Work request ▸ The entries contain pictures, which should not appear in the copy; everything else must be reproduced exactly.
[Opening Material for this exercise section]
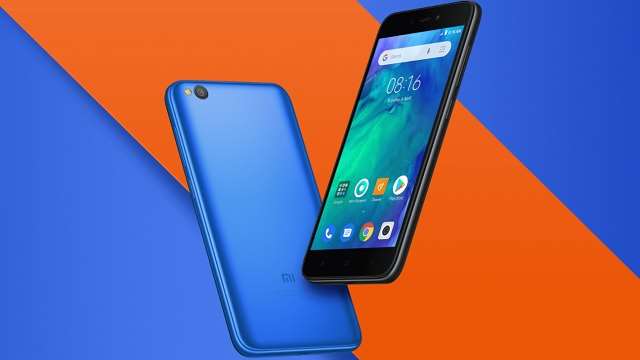 Budget Smartphone in India: अगर आपका बजट है कम, तो ये 5,000 रुपए से कम कीमत वाले Smartphones बनेंगे आपकी पहली पसंद
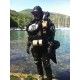 Solo Expedition
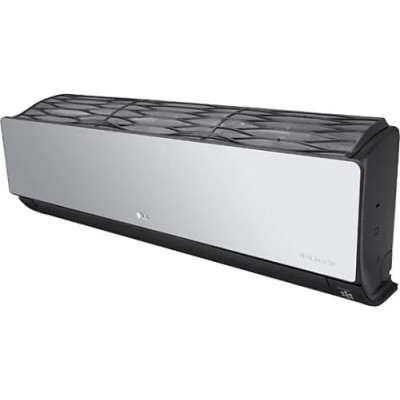 LG AC18BH ArtCool A++ 18000 BTU Duvar Tipi Inverter Klima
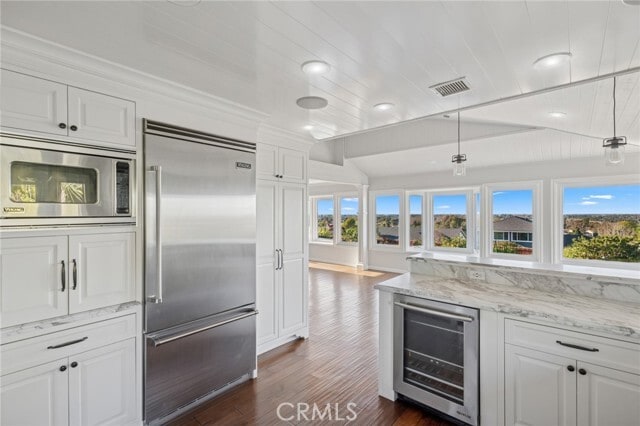 Building Photo - 2633 Buckeye St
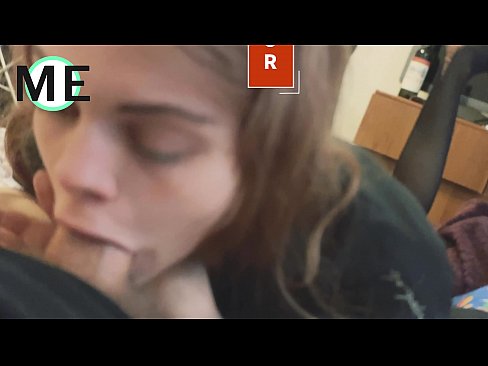 ❤️ Дик гулӯ, pantyhose дарида ва пошнаҳои дарида хуб мулоқот ❤️❌ Синси босифат дар порно tg.fitorganic.top ❌️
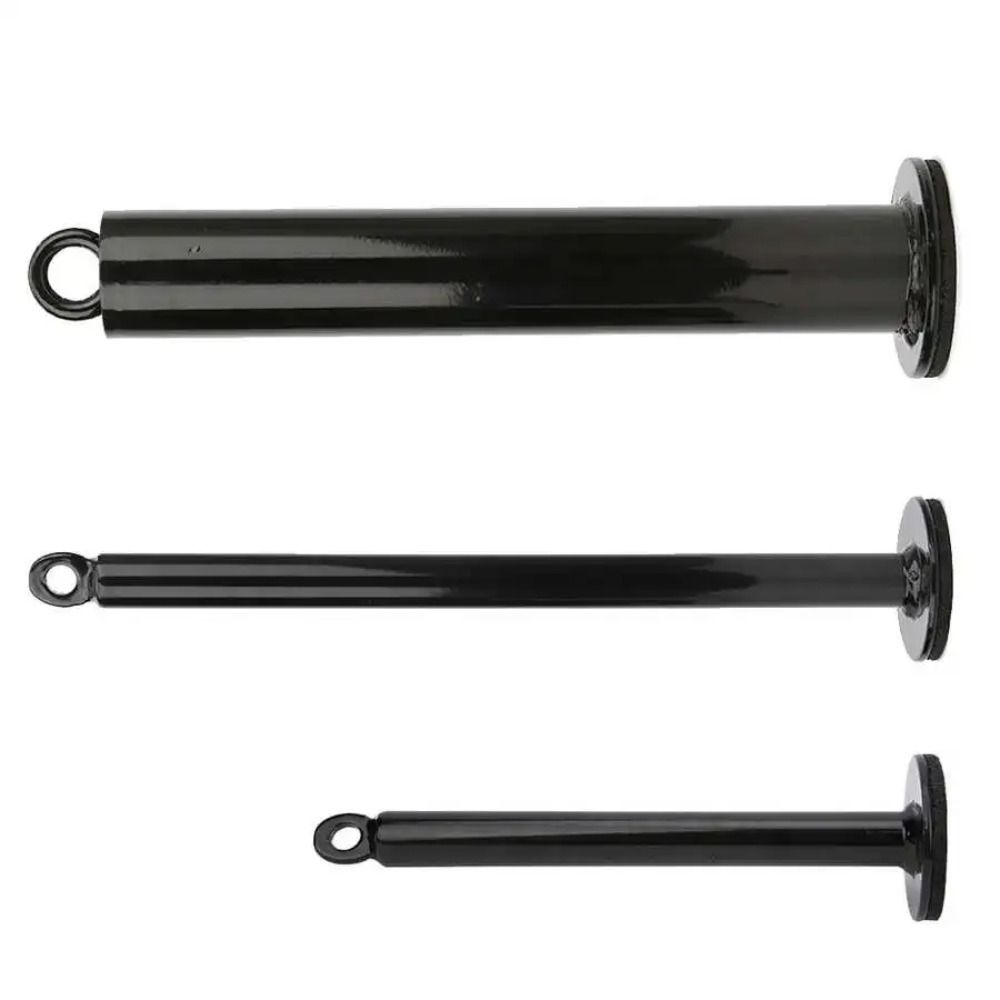 Strength Training Weight Plate Rack Workout Equipment Dumbbell Storage Rack Exercise Accessories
[Closing Material for this exercise section]
Exercise result ▸
 Budget Smartphone in India: अगर आपका बजट है कम, तो ये 5,000 रुपए से कम कीमत वाले Smartphones बनेंगे आपकी पहली पसंद
 Solo Expedition
 LG AC18BH ArtCool A++ 18000 BTU Duvar Tipi Inverter Klima
 Building Photo - 2633 Buckeye St
 ❤️ Дик гулӯ, pantyhose дарида ва пошнаҳои дарида хуб мулоқот ❤️❌ Синси босифат дар порно tg.fitorganic.top ❌️
 Strength Training Weight Plate Rack Workout Equipment Dumbbell Storage Rack Exercise Accessories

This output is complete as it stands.